O órgão da ONU fez a sessão, sobre a resolução 1737 relativa às sanções pelo programa nuclear iraniano, por o Irão não ter suspendido o seu programa de enriquecimento de urânio.
Esta sessão, programada para se realizar de 90 em 90 dias, reavivou a disputa entre os seus membros pela reativação automática das sanções ao Estado persa, que, segundo a China e a Federação Russa, não é legal.
"A Federação Russa recusa completamente as tentativas de manipular a autoridade do Conselho para se fazer um ajuste de contas políticas com Teerão", afirmou o representante russo na ONU, Vasili Nebenzia.
A questão de fundo está no mecanismo de reposição automática de sanciones ('snapback'), que se ativa quando um Estado membro denuncia um incumprimento significativo do Irão.
Em 2025, França, Alemanha e Reino Unido pediram a sua reativação por alegada negligência iraniana.

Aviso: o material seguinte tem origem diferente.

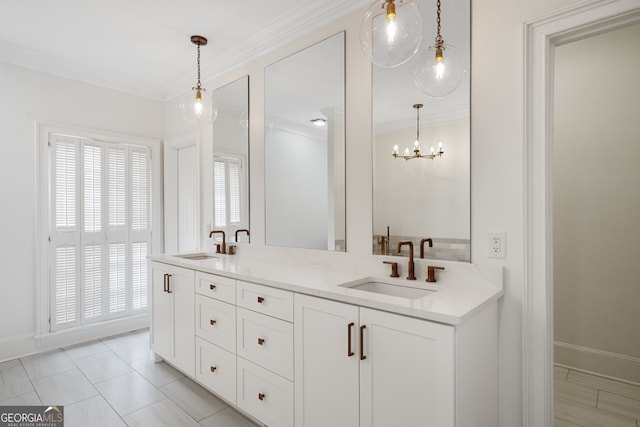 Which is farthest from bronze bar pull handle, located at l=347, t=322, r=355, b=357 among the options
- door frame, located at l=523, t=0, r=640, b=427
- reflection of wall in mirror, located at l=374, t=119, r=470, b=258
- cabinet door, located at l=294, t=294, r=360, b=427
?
door frame, located at l=523, t=0, r=640, b=427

Por seu lado, China e Federação Russa solicitaram a extensão por seis meses da resolução que contempla a supressão gradual das sanções da ONU contra o Irão para ganhar tempo para negociar, mas a iniciativa foi rejeitada.
A sessão de hoje voltou a mostrar a divisão do Conselho sobre o assunto.
Russos e chineses opuseram-se, enquanto paquistaneses e somalis a absterem-se.
A representante dos EUA, Jennifer Locetta, justificou a posição do seu país de estender o pacote de sanções com a falta de acesso da Organização Internacional de Energia Atómica (OIEA) ao Irão.
A junta de governadores da OIEA aprovou na quarta-feira uma resolução que critica o Irão por não cumprir as suas obrigações de não-proliferação nuclear e remeteu o assunto para o Conselho de Segurança da ONU.
Esta foi a primeira vez desde 2006 que uma resolução da Junta de Governadores da OIEA sobre Irão e dirigida ao Conselho de Segurança, onde Federação Russa e China têm poder de veto.